Im winzigen Café des „sowjetischen Sektors“, wo sich oft zwei Parteien den Tisch teilen müssen, kommt es mir immer häufiger vor, als befände ich mich in einer Daily Soap. Nicht nur das immergleiche Figurensemble, das sich hier täglich ein Stelldichein gibt, erweckt diesen Eindruck. Ebenso verläßlich ist die in einer Endlosschleife laufende, immergleiche Musik: entweder das repetitive Klavierspiel von Konstantin Scherbakov oder die einzigartig enervierende Larmoyanz der barmenden, wimmernden und jammernden Eunuchenstimme von Antony and the Johnsons. Zugleich wirkt das hier mitwirkende Personal wie geschaffen für das ungeschriebene Exposé, tun sich doch regelmäßig – je näher man sich kommt – um so größere Differenzen, ja Abgründe auf. So wird das Café bevorzugt von der – von David Goodhart definierten – Spezies der „Anywheres“ aufgesucht. Diese, so der britische Publizist, repräsentieren zwar eine Minderheit, geben aber in Politik, Medien und Gesellschaft den Ton an. Sie sind besser gebildet, verdienen mehr, sind in modernen Berufen tätig und global vernetzt. Sie schätzen die Freiheit und Autonomie. Dabei mache sie ihre „transportable Identität“ blind gegenüber den eigenen Privilegien und damit auch gegenüber dem Personenkreis der lokal verwurzelten „Somewheres“, die dem schnellen Wandel, der Massenmigration und der Globalisierung wenig abgewinnen, da diese Faktoren ihr Leben eher verschlechtert haben.
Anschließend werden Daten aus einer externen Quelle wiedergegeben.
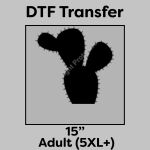 DTF Transfer 15" Thumbnail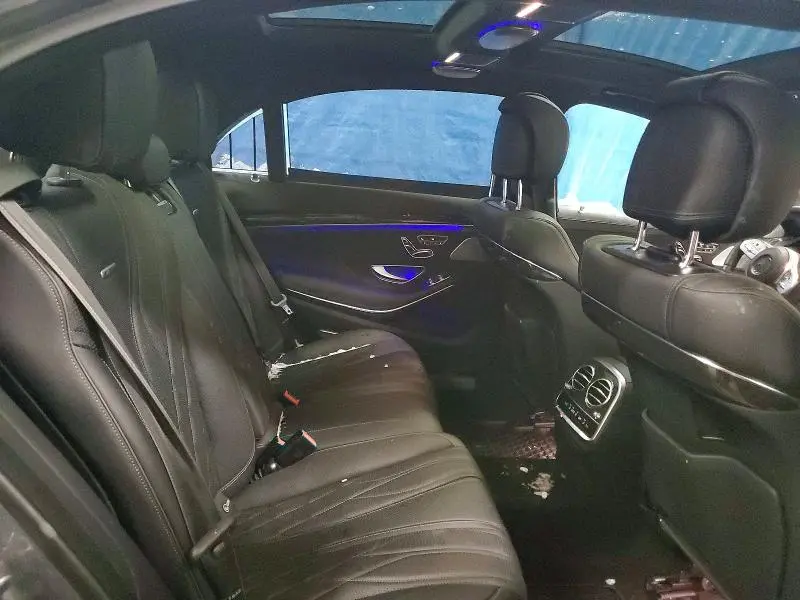 2018 MERCEDES-BENZ S 63 AMG 4MATIC  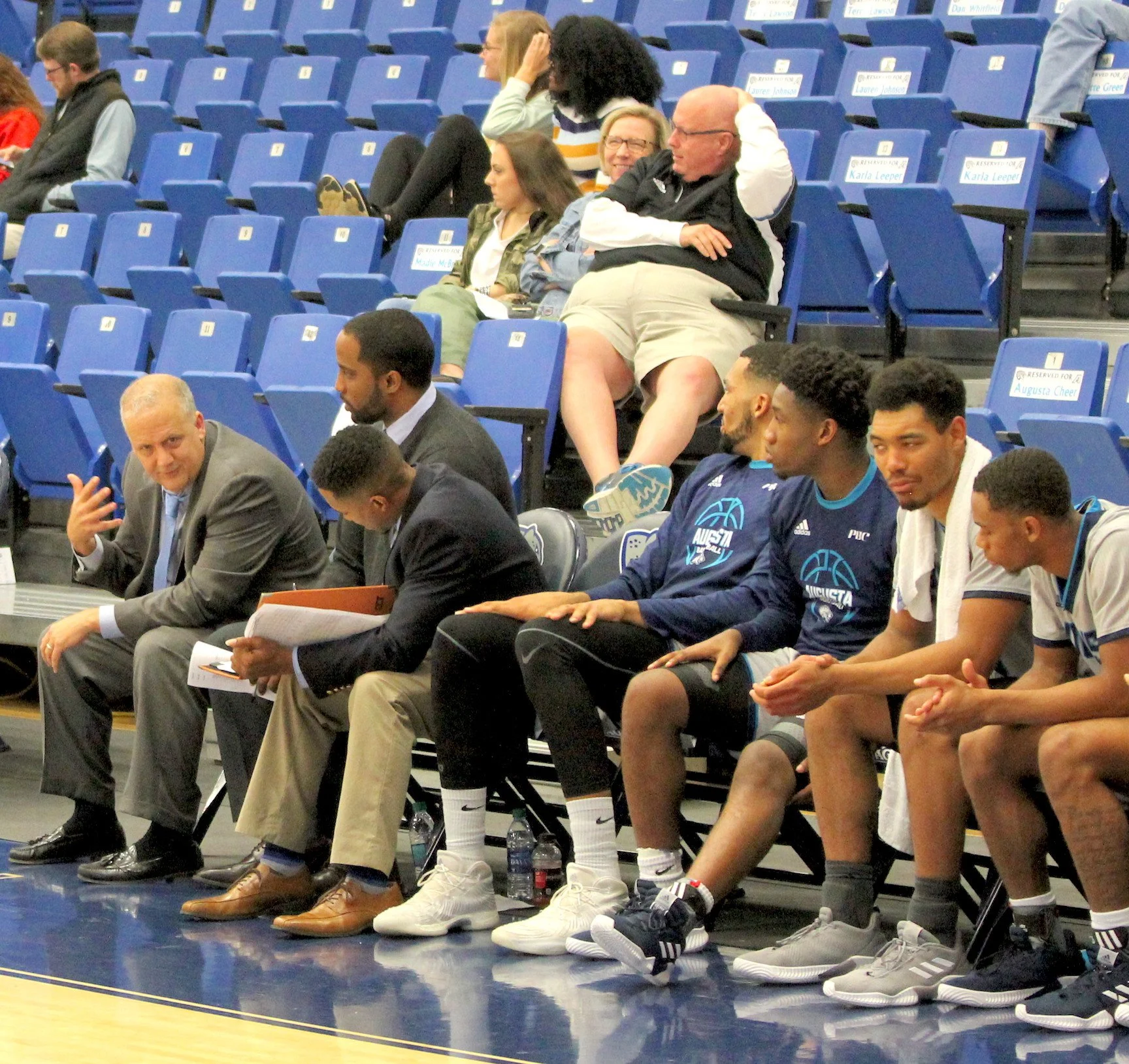 AU men's basketball has academic scandal; players positive about upcoming season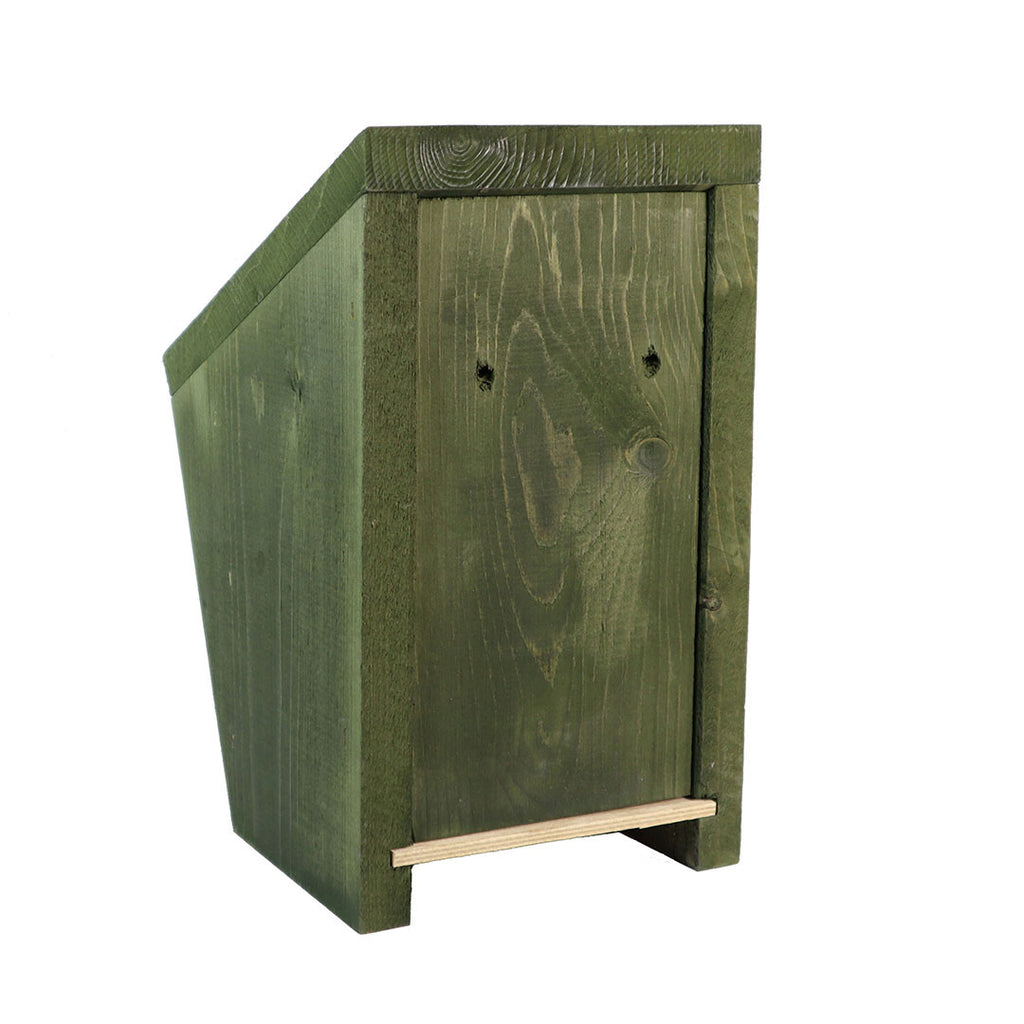 2 kpl EcoFurn vihreä linnunpönttö + hyönteishotelli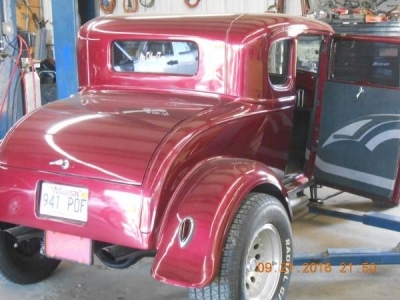 1930 Ford Model A for sale in Cadillac, Michigan (ID-1633)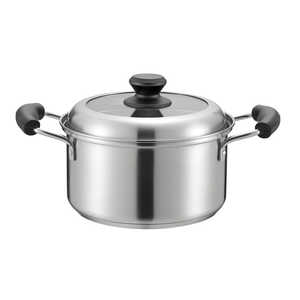和平フレイズ ローザー IH対応両手鍋20cm RB-2316 和平フレイズ ローザー IH対応両手鍋20cm RB-2316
Beispielhaft für die „Anywheres“ ist der Mann an meinem Tisch, dem ich – nach seufzender Lektüre – den „Süddeutschen Beobachter“ (Michael Klonvosky) rüberreiche. Über Umwege kommen wir auf das Thema „Flüchtlinge“ zu sprechen. Im moralisierenden Ton macht er sich mit den „Flüchtlingen“ gemein: Das sei ja wirklich nicht leicht für die Leute, sich hier anzupassen, da habe er jedes Verständnis. Er selbst habe ein knappes Jahrzehnt im Ausland gelebt und hätte hier solche Schwierigkeiten gehabt, sich wieder einzuleben. Jedenfalls, das wird unversehens deutlich, ist das Boot noch längst nicht voll, denn: „Freunde von mir haben gerade ein Schiff organisiert und sind damit auf dem Mittelmeer unterwegs – die sammeln dort die Menschen ein.“ Leider sagt er nicht: „und bringen sie auch hier her“. Den im eigenen Auftrag nach Europa geschleusten „Schutzbefohlenen“ bei sich selbst Unterkunft zu gewähren, kommt den „Anywheres“ vermutlich nicht in den Sinn. Dafür läuft nebenan im Café des „amerikanischen Sektors“ der Klassiker der Pet Shop Boys „It’s A Sin“.